Federal immigration policies need certainty
INWA DEMOCRAT-GAZETTE magine yourself a native of a foreign land who, years ago, seized an opportunity to better provide for your family, to relocate them to a place that’s safer and filled with possibilities. Imagine you’ve built a new life, virtually from scratch. And imagine you’ve done it all knowing your arrangement would never pass legal scrutiny.
Statisticians tell us the United States is home today to more than 11 million people who are not legally in the country. That’s down from a peak of more than 12 million in 2007, but still representative of wave after wave of people since the early 1990s who have entered and remained in the U.S. illegally.
They’re from Mexico. They’re from Asia. They’re from Central America. They’re from Europe. People from all around the globe have decided they want to live in the United States.
Northwest Arkansas advocates for people who are not authorized to live in this country told reporter Dan Holtmeyer the uncertainty stemming from Donald Trump’s immigration policies has caused anxiety among the people they’re fighting for.

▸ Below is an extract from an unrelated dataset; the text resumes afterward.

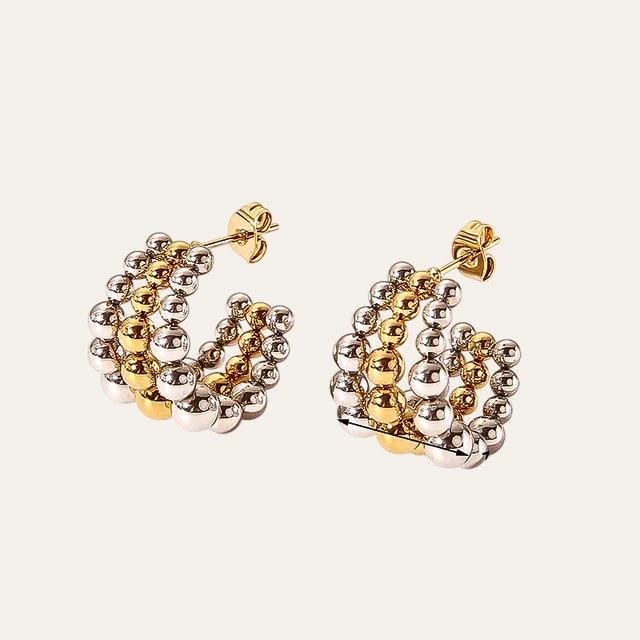 Aretes Fame en mezcla de oro y plata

On the one hand, the administration has so far continued the Obama-era program that postpones any enforcement against people who came into the country illegally as children.
And yet an intensified level of immigration enforcement has people on edge.
“You should be uncomfortable, you should look over your shoulder, and you need to be worried,” acting Immigration and Customs Enforcement director Thomas Homan told members of Congress last month.
That sounds cruel, doesn’t it? It sounds threatening. And it’s unfortunate for people who are not in compliance with U.S. law if they come into contact with enforcement agents.
The only solution for such anxieties is a well-defined, long-term federal policy on immigration that will be enforced fully by federal authorities. Until that happens, there will be no certainties. People will constantly have to wonder what would happen to them if they were caught and identified. Until our president and Congress develops a comprehensive approach to immigration and its enforcement, anxiety is going to be a part of the mix of emotions related to this issue. As we hear in the business world all the time, it’s uncertainty and a lack of predictability that sends the stock market into convulsions. When it comes to immigration, it isn’t stocks caught up in the frenzy; it’s people.
“There’s a certain resignation to a new level of fear and distrust,” said Mireya Reith, director of the Arkansas United Community Coalition that helps run a Springdale immigrant center. “This is what happens when you don’t take a comprehensive approach that’s been well thought-out and announced.”
Such a comprehensive approach will not come from people who believe the United States has no right to enforce its borders, that people who have decided to seek better lives for their families have some inalienable right to come to this land. It also will not come from people who believe the federal government can round up 11 million people and ship them back to their native lands.
To the extent that tougher enforcement discourages continuation of illegal immigration, it’s a step in the right direction. But people who take any joy in the prospects of tearing families apart are incapable of fully appreciating the human dimensions of this tragic situation.
Those we send to Washington, D.C., owe more attention, not just talk, to this issue. It’s not right to leave anyone — citizen, legal visitor or people who are here illegally — in a perpetual state of uncertainty. The United States can afford more legal immigration that creates more opportunities for people to share in the nation’s bounty.
But any real immigration reform will also clearly establish a line that defines who is legal and who is not, and some people will be on the losing end of that determination.
Cries of anxiety and a lack of compassion will always follow.